Feature

Feature

Tools for handling features and feature labels during classification, data preparation and evaluation

best.feature.augment_features(x, feature_names=None, feature_indexes=[], operation=None, mutual=False, operation_str='')

Augments features with entered operations (mutual - between features such as *, /, +, -, ….; non mutual - log, exp, power, …)

Parameters
  • x (numpy ndarray) – shape[n_samples, n_features]

  • feature_names (list or numpy array of strings, optional) – names of features

  • feature_indexes (list or numpy array) – indexes of features which will be augmented

  • operation (function) – callable function which will be applied on existing features.

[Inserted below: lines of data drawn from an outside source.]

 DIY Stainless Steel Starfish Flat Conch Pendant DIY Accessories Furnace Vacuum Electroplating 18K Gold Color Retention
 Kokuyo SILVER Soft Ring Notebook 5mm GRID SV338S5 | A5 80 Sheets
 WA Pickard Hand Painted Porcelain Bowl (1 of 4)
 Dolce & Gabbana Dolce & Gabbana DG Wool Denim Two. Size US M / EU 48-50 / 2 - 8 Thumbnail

  • mutual (bool) – indicates whether operation is applied on single feature e.g. np.log10, or on 2 parameters e.g. np.divide if mutual = True, then applied on all feature combination specified in feature_indexes

Returns

Return type

numpy ndarray -> shape[n_samples, n_features]

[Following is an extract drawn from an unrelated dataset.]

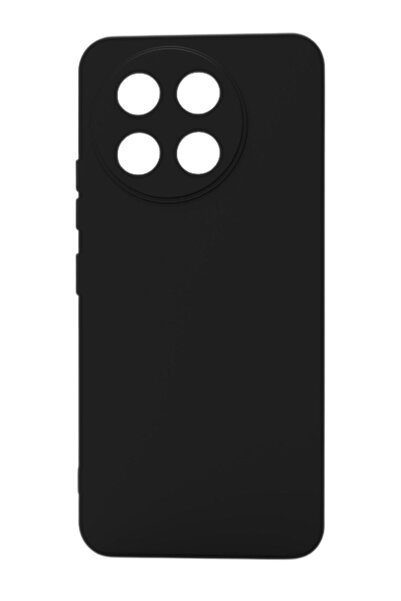 TECNO Spark 30 Pro 4g Kılıf Kamera Korumalı Silikon Rubber Arka Kapak Siyah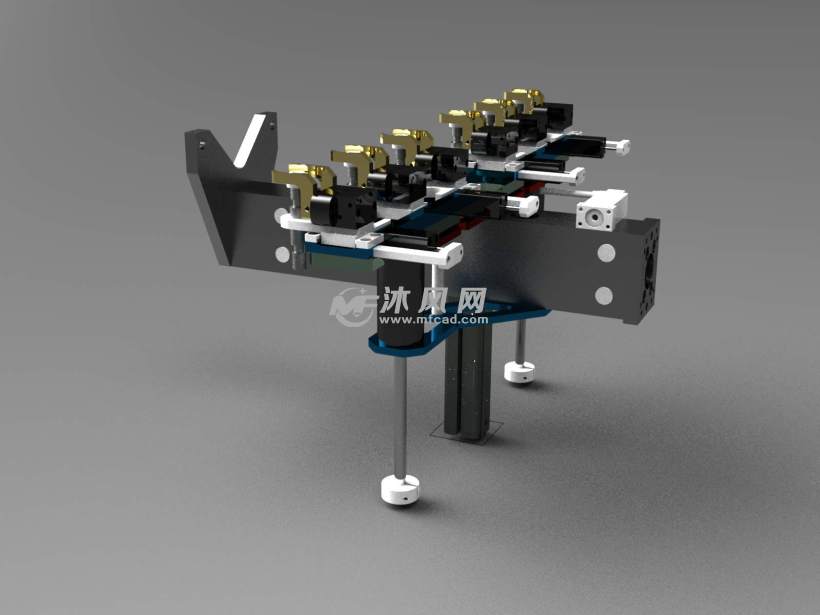 工业机器人法兰端安装设备 - AutoCAD普通工程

best.feature.balance_classes(x, y, std_factor=0.0)

Balances unbalanced classes in dataset by extending the sample array with same samples, possibly with introduced noise. Detects classes from y variable and number of samples per category. Duplicates samples from the categories with lower number of samples. std_factor gives the level of noise introduced into duplicated samples relatively to the std of a given dimension for a given category.

Parameters
  • x (numpy ndarray) – shape[n_samples, n_features]

  • y (list or numpy array) – string or int indexes for each category

  • std_factor (float) – Amount of noise introduced into duplicated features relatively to std of a given feature within a category.

Returns

  • numpy ndarray – x - samples

  • list – y - categories

best.feature.find_category_outliers(x, y=None)

Finds outliers for each category within data. Check website: https://scikit-learn.org/stable/modules/generated/sklearn.neighbors.LocalOutlierFactor.html

Parameters
  • x (numpy ndarray) – shape[n_samples, n_features]

  • y (list or numpy array) – string or int indexes for each category

Returns

position index list with detected outliers

Return type

list

best.feature.get_classification_scores(Y, YY, labels=None)

Returns a classification report. All values are already in a formated string.

best.feature.print_classification_scores(Y, YY, N_merge=False)

Prints classification report for sleep scoring labels.

best.feature.remove_features(x, feature_names=None, to_del=None)

Removes features

Parameters
  • x (numpy ndarray) – shape[n_samples, n_features]

  • feature_names (list or numpy array, optional) – names of features

  • to_del

best.feature.remove_samples(x, y=None, to_del=None)

Removes samples

Parameters
  • x (numpy ndarray / list / pd.DataFrame) – shape[n_samples, n_features]

  • y (list or numpy array, optional) – category reference for each sample

  • to_del

best.feature.replace_annotations(Y, old_key=None, new_key=None)

Replaces annotation names in a numpy array or list

best.feature.zscore(x)

Calculates Z-score :param x: shape[n_samples, n_features] :type x: numpy ndarray

Returns

normalized_features

Return type

numpy ndarray